Pur essendo un po’ più pessimista sul futuro di quanto lo sia Zanchini, posso condividere molti dei dubbi conclusivi del suo libro. Mi sembrano però più interessanti, perché sempre più rare, le riserve critiche dei cosiddetti “tardoumanisti” che non le espressioni di giubilo dei “tecnoentusiasti”, pubblicitari involontari che non smettono di ringraziare l’industria informatica perché finalmente ha “cambiato loro la vita” (espressione che trovo agghiacciante). Se con i libri e giornali in mano soffrivano tanto, peggio per loro.
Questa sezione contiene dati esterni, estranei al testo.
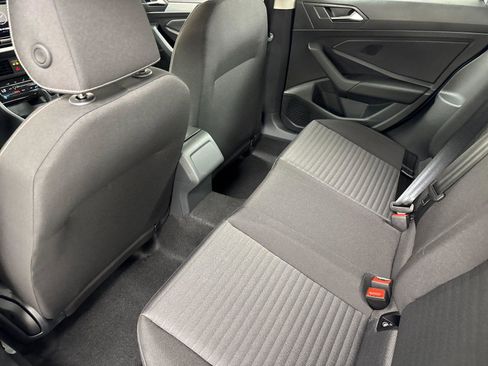 New 2026 Volkswagen Jetta S FWD image 11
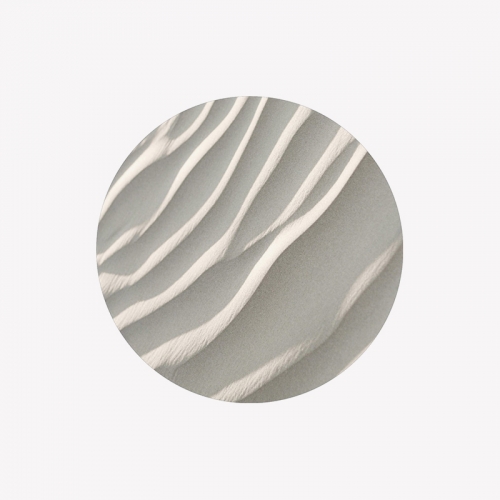 일바 써클 아트 샌드 ILVA Circle Art Sand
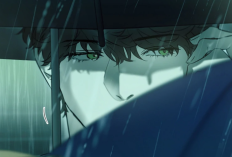 ¡El Problema que Sigue Atando! Spoiler y Enlace para Leer Manhwa BL Nerd Project (Proyecto Nerd) Capítulo 49 en Español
Quanto ai “mediatori” intesi come casta e gerarchia, e agli intellettuali come categoria, gruppo e corporazione, è da tempo che li giudico male e poco li sopporto. E’ noto del resto che già Kierkegaard, un secolo e mezzo fa, diceva di odiarli. Nessuno deve godere di un’autorità intellettuale e morale garantita istituzionalmente (e in sostanza burocraticamente). Ognuno è libero (diciamo così) di leggere e pensare quello che vuole. Resta il fatto che qualcuno può essere, per passione ed esperienza, più competente di qualcun altro e che la qualità, il valore di ogni prodotto di cultura, si tratti di un testo scritto, di un’opera d’arte, di una gara sportiva o di una zuppa di fagioli, merita un giudizio. L’uguaglianza non dovrebbe voler dire che una cosa vale l’altra. La libertà garantita per legge di dire stupidaggini non dovrebbe impedirci di considerarle stupidaggini.